A flying toy, including a central member configured to generate an aerodynamic lifting force when rotating about a rotational axis and moving perpendicular to the rotational axis, the central member including an outer perimeter and the rotational axis with the rotational axis perpendicular to a plane containing the central member; and a plurality of handgrips evenly distributed around the outer perimeter wherein a portion of each the handgrip extends outside of the outer perimeter.

Any of the embodiments described herein may be used alone or together with one another in any combination. Inventions encompassed within this specification may also include embodiments that are only partially mentioned or alluded to or are not mentioned or alluded to at all in this brief summary or in the abstract. Although various embodiments of the invention may have been motivated by various deficiencies with the prior art, which may be discussed or alluded to in one or more places in the specification, the embodiments of the invention do not necessarily address any of these deficiencies. In other words, different embodiments of the invention may address different deficiencies that may be discussed in the specification. Some embodiments may only partially address some deficiencies or just one deficiency that may be discussed in the specification, and some embodiments may not address any of these deficiencies.

Other features, benefits, and advantages of the present invention will be apparent upon a review of the present disclosure, including the specification, drawings, and claims.

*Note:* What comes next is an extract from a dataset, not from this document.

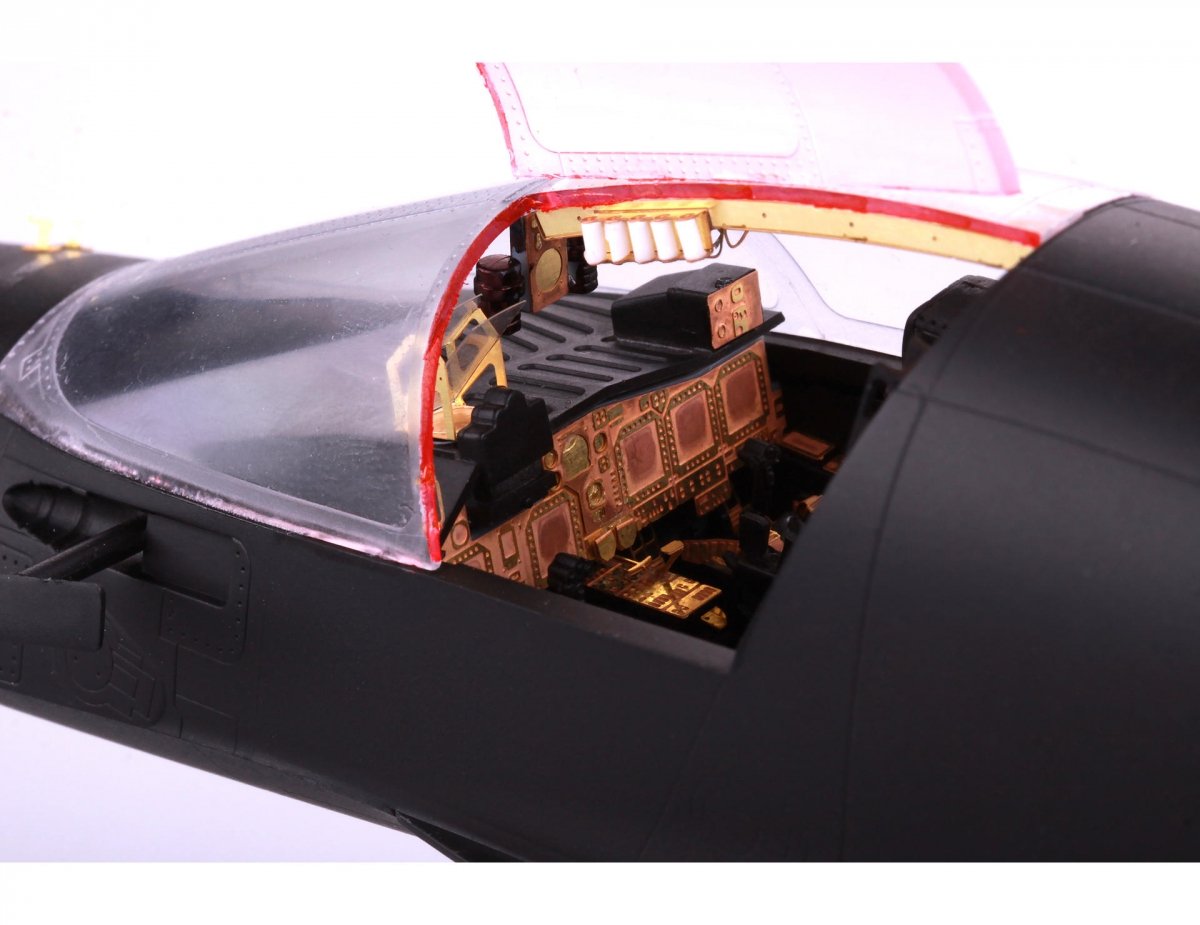 Intérieur du Su-34 Eduard 49824 HOBBY BOSS 1/48 – image 4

BRIEF DESCRIPTION OF THE DRAWINGS

The accompanying figures, in which like reference numerals refer to identical or functionally-similar elements throughout the separate views and which are incorporated in and form a part of the specification, further illustrate the present invention and, together with the detailed description of the invention, serve to explain the principles of the present invention.

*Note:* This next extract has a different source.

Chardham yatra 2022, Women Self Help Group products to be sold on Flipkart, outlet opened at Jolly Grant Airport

FIG. 1 illustrates a top view of an enhanced aerodynamic flying toy;

FIG. 2 illustrates a section view of the enhanced aerodynamic flying toy of FIG. 1;

FIG. 3 illustrates a top view of an alternate enhanced aerodynamic flying toy;

FIG. 4 illustrates a section view of the alternate enhanced aerodynamic flying toy of FIG. 3;

FIG. 5 illustrates an isometric view of a second alternate enhanced aerodynamic flying toy;

FIG. 6 illustrates a side view of the second alternate enhanced aerodynamic flying toy;

FIG. 7 illustrates a bottom view of a handgrip used with the second alternate enhanced aerodynamic flying toy;

FIG. 8 illustrates a side view of a handgrip used with the second alternate enhanced aerodynamic flying toy; and

FIG. 9 illustrates a bottom view of the second alternate enhanced aerodynamic flying toy.

DETAILED DESCRIPTION OF THE INVENTION

Embodiments of the present invention provide a system and method for enhancing a playability feature of an aerodynamic flying disc or flying ring. The following description is presented to enable one of ordinary skill in the art to make and use the invention and is provided in the context of a patent application and its requirements.

Various modifications to the preferred embodiment and the generic principles and features described herein will be readily apparent to those skilled in the art. Thus, the present invention is not intended to be limited to the embodiment shown but is to be accorded the widest scope consistent with the principles and features described herein.

An aerodynamic lifting force as used herein refers to a pressure differential resulting from disparate air flow rates over a top surface of an aerodynamic toy and a bottom surface of the toy. Typically a toy requires a non-uniform cross-section in order to generate disparate air flow rates. A ring having a uniform circular cross-section is excluded from the category of aerodynamic toy.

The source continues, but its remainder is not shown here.